My own personal experimental techniques currently remain fixed in the digital age as I use in camera and post editing techniques to create aesthetic and abstract images, The exhibition brought to mind a similar gathering that took place in Barcelona in 2020, Exp20 which brought together over 200 experimental photographers . The key difference being that this was a celebration of all forms of experimentation including both analogue and digitally based images.

In conclusion I do recognise that photography is a very broad church and to define it too simply does run the risk that a number of genres and styles could be excluded. In its very simple form I come back to the fact photography means drawing with light and therefore it is the creation and recording of a moment that has been exposed to light. Whether this image has been created by a chemical reaction to light sensitive paper or the change of colour to pixels on a sensor a photograph is a devise or platform for it to be viewed. The majority of my work is currently stored on my computer and floats around various social media sites with very little physical evidence of its existence. As my practice evolves I am sure more of my work may be printed off and framed but for now I would say photography for me is wrapped up in emotions. This will be from the excitement of taking the image, through to the reaction and memory that I and the viewer get when it is seen.

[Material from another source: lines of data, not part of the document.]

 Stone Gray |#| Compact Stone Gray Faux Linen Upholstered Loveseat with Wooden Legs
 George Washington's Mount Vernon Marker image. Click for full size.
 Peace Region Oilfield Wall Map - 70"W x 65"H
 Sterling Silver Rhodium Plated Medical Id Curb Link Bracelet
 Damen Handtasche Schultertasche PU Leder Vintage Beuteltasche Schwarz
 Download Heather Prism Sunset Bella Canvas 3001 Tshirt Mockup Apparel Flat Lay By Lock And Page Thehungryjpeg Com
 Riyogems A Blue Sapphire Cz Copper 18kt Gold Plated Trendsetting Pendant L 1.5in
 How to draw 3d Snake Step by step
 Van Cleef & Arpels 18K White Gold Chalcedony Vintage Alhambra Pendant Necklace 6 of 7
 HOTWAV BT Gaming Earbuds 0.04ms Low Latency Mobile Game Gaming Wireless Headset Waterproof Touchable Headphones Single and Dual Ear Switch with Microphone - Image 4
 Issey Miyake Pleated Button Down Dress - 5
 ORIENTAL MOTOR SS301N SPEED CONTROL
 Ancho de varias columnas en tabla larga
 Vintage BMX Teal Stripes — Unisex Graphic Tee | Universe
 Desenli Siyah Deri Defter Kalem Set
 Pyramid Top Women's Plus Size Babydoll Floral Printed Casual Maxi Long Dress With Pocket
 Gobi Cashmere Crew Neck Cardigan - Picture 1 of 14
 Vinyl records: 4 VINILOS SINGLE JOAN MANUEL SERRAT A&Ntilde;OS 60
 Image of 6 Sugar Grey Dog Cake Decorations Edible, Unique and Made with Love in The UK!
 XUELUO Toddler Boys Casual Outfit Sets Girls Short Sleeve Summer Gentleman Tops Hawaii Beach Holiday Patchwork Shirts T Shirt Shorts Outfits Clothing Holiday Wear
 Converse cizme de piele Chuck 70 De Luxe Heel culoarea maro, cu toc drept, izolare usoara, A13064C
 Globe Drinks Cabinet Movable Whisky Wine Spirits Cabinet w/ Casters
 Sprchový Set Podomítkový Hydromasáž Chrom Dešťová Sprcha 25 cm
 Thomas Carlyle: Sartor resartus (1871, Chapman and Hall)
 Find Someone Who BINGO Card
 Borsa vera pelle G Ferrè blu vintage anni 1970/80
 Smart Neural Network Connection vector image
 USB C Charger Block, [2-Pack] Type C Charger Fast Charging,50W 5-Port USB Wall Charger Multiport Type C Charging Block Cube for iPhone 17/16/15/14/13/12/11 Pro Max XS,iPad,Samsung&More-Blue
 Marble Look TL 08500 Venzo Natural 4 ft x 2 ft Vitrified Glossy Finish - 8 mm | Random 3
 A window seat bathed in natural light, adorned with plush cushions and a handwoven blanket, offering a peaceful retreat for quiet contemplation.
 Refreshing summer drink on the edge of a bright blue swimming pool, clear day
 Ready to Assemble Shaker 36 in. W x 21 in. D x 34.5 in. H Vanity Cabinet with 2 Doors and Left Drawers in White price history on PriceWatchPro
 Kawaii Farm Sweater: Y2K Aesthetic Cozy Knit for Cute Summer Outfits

My photographic practice continues to develop and as my body of work builds up so I can see a Fine Art element starting to emerge more and more. I have previously spoken about the beauty in images and creating the wow factor and this comes back to the development of an aesthetic in my work. In addition to my initial research project I have now developed a further fourteen images that are the foundations for this module. Due to current lockdown limitations my only current outlet for the presentation of these images is via my social media and website. However further images are taken I intend to create a video gallery to increase awareness and context of this as a body of work rather than as standalone images.


1) Stephen Shore - Beverly Boulevard and La Brea Avenue, Los Angeles, California, June 21, 1975, 1975

2) Steve Rabone - Collide 2021

3) Steve Rabone - The Edge 2021


Szarkowski, J. and New, A. (2009). The photographer’s eye.

Shore, S. (2007). The nature of photographs. London: Phaidon.

What Is a Photograph (2016). What Is a Photograph? [online] International Center of Photography. Available at:

Richard Avedon and Nicole Wisnik, “An Interview with Richard Avedon,” Egoiste, September 1984

Henri Cartier-Bresson, Whose “Decisive Moment” Shaped Modern Photography. (2019). The New York Times. [online] Available at:

Shore, S. (2018). Stephen Shore | HOW TO SEE the photographer with Stephen Shore. [online] YouTube. Available at: [Accessed 28 Jan. 2021].

Barthes, R. (1988). Camera lucida : reflections on photography. New York: The Noonday Press. (n.d.). “Sleeping by the Mississippi”, An Interview with Alec Soth. [online] Available at: [Accessed 28 Jan. 2021].

EXP. 21. (n.d.). What? [online] Available at: [Accessed 28 Jan. 2021].